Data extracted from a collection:
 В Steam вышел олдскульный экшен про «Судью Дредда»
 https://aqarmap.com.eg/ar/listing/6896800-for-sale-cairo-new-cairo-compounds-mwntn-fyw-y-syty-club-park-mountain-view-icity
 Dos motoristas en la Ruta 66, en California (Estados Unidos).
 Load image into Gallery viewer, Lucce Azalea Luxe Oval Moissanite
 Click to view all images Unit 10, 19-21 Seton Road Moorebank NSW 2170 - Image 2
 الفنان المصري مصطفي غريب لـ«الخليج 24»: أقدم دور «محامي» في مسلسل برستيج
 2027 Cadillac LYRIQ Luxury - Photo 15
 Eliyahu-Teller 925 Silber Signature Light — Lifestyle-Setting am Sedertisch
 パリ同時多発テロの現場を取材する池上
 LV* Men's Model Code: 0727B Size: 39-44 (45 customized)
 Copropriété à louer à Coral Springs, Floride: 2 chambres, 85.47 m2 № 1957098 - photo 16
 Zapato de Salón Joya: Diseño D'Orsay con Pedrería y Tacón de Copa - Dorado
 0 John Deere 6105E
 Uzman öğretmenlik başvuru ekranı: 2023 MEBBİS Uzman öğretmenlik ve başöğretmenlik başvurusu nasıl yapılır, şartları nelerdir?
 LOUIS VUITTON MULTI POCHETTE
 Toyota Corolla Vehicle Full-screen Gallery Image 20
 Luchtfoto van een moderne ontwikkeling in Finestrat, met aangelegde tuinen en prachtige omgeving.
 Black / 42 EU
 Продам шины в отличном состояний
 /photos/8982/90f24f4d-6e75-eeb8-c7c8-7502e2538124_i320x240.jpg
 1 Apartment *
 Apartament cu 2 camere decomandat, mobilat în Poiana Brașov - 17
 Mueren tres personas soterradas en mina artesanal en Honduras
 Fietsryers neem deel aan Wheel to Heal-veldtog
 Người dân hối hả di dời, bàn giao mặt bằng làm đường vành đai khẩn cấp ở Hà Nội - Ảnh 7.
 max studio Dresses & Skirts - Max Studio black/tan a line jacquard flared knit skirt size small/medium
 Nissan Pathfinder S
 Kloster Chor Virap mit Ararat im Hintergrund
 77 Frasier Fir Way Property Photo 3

• Exercise objective
The answer is the records above restated word for word from their opening line through the line that holds "2027 Cadillac LYRIQ Luxury - Photo 15", both included, and nothing else.

• Task result
 В Steam вышел олдскульный экшен про «Судью Дредда»
 https://aqarmap.com.eg/ar/listing/6896800-for-sale-cairo-new-cairo-compounds-mwntn-fyw-y-syty-club-park-mountain-view-icity
 Dos motoristas en la Ruta 66, en California (Estados Unidos).
 Load image into Gallery viewer, Lucce Azalea Luxe Oval Moissanite
 Click to view all images Unit 10, 19-21 Seton Road Moorebank NSW 2170 - Image 2
 الفنان المصري مصطفي غريب لـ«الخليج 24»: أقدم دور «محامي» في مسلسل برستيج
 2027 Cadillac LYRIQ Luxury - Photo 15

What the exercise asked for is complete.